The 3-2 vote by the Republican-controlled NLRB reversed a decision of four years ago, when a then Democratic-dominated board ruled that increased responsibilities of graduate students at New York University permitted them to become the first students to affiliate to a union. Quarry workers strike expanded in California

Some 220 workers represented by the Operating Engineers Local 3 walked off the job July 19, joining other striking workers at the Graniterock Company’s quarries and operation divisions in the Monterey and San Francisco Bay areas. The strike has been provoked by Graniterock’s proposal to insert contract language into a new labor agreement that prohibits workers’ right to strike.

The company and union negotiators also failed to agree on wages and issues dealing with the grievance procedure. The union has also charged that the company pulled out of tentative agreements reached in earlier negotiations. In all, about 420 workers have gone on strike.

The walkout first began back on June 9 when 20 members of the Teamsters union in San Jose struck after the company proposed a wage package that was $3 per hour less than the rate of workers at other locations in Silicon Valley. Other unions involved in the labor dispute are the International Association of Machinists and the Laborers Union.


Strike at National Arts Centre in Ottawa

On July 23 about 70 security, parking and maintenance workers commenced a strike at the National Arts Centre (NAC) in Ottawa, after conciliation hearings broke off July 19. The workers, represented by Public Service Alliance of Canada (PSAC), voted unanimously to strike. The main issue is wages, which for years have not kept pace with inflation. The workers are also concerned about the NAC’s willingness to employ strike-breakers.

Workers at Bell Canada to vote on offer

Strike action by 7,000 technicians at Bell Canada has been postponed until the workers vote on a new offer put forward by the company on July 21. The workers, who rejected the company’s previous offer in a vote, had been set to begin strike action as of 4 PM July 22. The workers’ union, the Communications, Energy and Paperworkers Union (CEP), is reportedly recommending that its members reject the contract offer. Results of the vote are not expected until mid-August. The main issues are wages and the structure of the pension plan.

York Region Children’s Aid Society employees could strike

About 210 workers at the York Region Children’s Aid Society (Toronto) could go on strike August 11. Following two days of unsuccessful mediation, the workers voted to reject their employer’s last offer and authorize strike action. The main issues in the contract dispute are wages, harassment language and the term of the agreement. The workers are demanding five, four and three percent pay increases over the next three years, arguing that this is necessary for the wages to be comparable to those in other children’s aid societies in the province.

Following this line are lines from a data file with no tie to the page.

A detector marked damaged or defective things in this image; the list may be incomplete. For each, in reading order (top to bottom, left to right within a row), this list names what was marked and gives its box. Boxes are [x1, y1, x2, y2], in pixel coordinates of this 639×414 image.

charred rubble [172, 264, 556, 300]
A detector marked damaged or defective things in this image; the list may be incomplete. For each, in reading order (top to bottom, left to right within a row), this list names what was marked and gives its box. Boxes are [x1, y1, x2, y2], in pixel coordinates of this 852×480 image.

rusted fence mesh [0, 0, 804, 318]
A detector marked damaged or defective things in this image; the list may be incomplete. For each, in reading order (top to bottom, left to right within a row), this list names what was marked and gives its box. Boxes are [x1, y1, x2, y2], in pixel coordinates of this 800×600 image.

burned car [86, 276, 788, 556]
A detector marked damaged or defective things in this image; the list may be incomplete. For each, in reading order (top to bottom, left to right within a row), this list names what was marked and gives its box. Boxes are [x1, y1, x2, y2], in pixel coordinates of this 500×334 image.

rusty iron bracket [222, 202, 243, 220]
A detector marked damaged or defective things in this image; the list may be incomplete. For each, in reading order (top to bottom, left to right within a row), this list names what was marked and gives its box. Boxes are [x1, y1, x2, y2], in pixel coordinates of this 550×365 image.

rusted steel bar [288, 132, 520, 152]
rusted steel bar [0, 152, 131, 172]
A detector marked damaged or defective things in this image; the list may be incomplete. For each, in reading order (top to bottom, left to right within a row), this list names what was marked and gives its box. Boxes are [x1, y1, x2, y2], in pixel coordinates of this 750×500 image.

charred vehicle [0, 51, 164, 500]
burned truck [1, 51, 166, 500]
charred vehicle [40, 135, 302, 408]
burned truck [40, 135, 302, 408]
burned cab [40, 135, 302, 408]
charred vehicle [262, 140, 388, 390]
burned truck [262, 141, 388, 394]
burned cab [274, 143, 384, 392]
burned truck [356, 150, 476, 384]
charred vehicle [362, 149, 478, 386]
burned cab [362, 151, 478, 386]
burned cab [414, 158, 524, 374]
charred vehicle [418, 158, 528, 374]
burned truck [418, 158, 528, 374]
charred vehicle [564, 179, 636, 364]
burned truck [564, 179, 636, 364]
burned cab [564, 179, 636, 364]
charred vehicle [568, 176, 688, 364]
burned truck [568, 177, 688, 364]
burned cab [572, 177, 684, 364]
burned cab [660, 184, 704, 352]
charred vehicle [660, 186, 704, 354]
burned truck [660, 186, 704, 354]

They are also seeking contractual language to deal with incidents of intimidation, coercion and favouritism in the workplace. The workers are members of Local 304 of the Ontario Public Service Employees Union (OPSEU), and have been without a contract since March 31.

Wal-mart certification hearings temporarily halted

Legal maneuvers by Wal-Mart have temporarily halted certification hearings relating to a union drive at the giant chain’s outlet in Weyburn, Saskatchewan, where a majority of workers have signed cards to join the United Food and Commercial Workers (UFCW). During certification hearings, Wal-Mart was subpoenaed for training materials used to counter union organizing, after a company manager testified that such materials exist.

The retail firm responded by launching a case before the Saskatchewan Court of Queen’s Bench arguing that the Trade Union Act’s restrictions on employers’ ability to communicate with employees during a union drive are unconstitutional. Certification hearings have been postponed until August 17, pending the decision by the Court of Queen’s Bench.